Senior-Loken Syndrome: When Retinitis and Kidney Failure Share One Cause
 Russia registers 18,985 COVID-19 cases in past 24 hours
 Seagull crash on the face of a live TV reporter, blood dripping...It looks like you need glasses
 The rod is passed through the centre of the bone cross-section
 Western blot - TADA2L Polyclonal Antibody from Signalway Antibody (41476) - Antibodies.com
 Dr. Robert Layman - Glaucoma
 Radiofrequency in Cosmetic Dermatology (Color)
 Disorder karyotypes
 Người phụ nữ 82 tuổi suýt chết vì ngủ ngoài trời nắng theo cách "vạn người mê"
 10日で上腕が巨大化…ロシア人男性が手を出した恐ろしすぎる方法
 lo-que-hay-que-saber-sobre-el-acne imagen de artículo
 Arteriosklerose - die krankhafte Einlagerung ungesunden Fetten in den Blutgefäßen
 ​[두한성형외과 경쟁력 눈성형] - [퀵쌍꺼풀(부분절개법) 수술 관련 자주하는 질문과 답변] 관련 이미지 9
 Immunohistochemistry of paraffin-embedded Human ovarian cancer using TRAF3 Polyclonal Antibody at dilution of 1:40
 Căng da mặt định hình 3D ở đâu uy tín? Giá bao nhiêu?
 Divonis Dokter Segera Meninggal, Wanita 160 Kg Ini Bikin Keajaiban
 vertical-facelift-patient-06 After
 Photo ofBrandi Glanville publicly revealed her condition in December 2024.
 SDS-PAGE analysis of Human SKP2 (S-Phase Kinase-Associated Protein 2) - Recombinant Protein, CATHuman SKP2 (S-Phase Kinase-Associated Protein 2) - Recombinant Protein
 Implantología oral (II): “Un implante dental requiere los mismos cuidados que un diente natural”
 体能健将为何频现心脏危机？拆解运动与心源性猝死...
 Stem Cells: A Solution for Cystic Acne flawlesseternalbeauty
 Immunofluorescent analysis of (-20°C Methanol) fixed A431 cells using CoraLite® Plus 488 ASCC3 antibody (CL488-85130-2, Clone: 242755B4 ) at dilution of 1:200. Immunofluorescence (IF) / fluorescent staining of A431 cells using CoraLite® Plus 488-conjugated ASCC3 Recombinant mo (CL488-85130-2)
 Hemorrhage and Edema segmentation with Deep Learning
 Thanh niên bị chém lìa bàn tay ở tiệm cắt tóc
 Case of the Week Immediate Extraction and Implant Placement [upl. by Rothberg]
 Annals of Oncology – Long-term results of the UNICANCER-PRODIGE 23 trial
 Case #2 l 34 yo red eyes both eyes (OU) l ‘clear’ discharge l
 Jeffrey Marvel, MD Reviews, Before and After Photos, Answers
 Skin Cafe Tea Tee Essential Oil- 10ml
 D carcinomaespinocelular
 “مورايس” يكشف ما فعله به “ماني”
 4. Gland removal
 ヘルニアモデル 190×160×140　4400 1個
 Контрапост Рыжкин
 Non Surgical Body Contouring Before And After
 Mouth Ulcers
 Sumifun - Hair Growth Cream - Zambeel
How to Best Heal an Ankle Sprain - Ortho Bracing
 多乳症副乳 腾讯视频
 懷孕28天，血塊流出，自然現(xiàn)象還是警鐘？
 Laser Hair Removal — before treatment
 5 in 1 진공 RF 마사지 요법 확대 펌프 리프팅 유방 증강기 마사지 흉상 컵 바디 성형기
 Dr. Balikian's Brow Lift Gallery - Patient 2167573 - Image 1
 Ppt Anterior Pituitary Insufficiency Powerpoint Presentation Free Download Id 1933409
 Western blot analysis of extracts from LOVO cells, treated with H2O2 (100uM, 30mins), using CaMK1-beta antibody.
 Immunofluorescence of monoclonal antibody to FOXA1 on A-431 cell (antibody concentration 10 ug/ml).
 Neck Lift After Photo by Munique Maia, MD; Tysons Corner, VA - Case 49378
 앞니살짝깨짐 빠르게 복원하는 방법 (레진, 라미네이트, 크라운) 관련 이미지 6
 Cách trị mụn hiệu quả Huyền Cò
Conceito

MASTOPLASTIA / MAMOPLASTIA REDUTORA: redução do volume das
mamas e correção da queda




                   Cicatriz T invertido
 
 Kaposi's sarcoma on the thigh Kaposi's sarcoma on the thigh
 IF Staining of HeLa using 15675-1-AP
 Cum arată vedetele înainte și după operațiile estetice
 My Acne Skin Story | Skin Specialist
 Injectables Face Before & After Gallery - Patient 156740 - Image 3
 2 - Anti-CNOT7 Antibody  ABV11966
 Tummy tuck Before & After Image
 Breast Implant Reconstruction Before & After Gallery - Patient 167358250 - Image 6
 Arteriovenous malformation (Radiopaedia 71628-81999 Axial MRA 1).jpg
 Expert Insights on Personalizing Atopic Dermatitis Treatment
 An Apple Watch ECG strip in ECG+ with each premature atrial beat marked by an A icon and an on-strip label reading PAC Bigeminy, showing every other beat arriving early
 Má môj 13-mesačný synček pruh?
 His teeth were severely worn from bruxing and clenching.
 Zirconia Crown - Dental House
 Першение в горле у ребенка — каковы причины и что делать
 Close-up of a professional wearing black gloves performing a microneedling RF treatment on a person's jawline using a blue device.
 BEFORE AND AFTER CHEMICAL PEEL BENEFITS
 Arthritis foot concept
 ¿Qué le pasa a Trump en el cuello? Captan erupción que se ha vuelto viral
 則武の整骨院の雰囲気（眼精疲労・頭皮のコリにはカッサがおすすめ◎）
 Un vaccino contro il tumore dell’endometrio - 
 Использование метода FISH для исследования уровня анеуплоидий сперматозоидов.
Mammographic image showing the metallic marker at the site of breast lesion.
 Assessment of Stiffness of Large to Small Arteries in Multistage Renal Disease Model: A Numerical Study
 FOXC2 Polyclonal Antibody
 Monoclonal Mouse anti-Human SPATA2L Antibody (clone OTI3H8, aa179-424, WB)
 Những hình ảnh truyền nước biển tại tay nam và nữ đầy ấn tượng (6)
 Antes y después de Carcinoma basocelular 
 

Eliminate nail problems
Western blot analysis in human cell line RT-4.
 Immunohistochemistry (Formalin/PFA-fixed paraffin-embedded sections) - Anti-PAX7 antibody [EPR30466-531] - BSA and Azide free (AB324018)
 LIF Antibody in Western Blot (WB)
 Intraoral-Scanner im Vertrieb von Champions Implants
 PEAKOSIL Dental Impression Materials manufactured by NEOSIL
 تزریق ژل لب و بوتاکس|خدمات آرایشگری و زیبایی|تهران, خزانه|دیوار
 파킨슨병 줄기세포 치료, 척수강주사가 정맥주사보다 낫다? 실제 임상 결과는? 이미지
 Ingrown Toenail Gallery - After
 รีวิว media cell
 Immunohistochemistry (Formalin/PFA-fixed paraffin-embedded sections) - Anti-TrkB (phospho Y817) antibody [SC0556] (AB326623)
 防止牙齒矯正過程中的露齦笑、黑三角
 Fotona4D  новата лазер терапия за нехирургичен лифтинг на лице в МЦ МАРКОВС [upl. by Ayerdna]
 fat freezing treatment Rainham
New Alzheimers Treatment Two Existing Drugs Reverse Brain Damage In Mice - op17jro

**TASK DIRECTIONS**
Only one stretch of the records above is wanted: the lines between the one holding "Tummy tuck Before & After Image" and the one holding "Першение в горле", inclusive, reproduced exactly.

**ANSWER TO THIS EXERCISE**
 Tummy tuck Before & After Image
 Breast Implant Reconstruction Before & After Gallery - Patient 167358250 - Image 6
 Arteriovenous malformation (Radiopaedia 71628-81999 Axial MRA 1).jpg
 Expert Insights on Personalizing Atopic Dermatitis Treatment
 An Apple Watch ECG strip in ECG+ with each premature atrial beat marked by an A icon and an on-strip label reading PAC Bigeminy, showing every other beat arriving early
 Má môj 13-mesačný synček pruh?
 His teeth were severely worn from bruxing and clenching.
 Zirconia Crown - Dental House
 Першение в горле у ребенка — каковы причины и что делать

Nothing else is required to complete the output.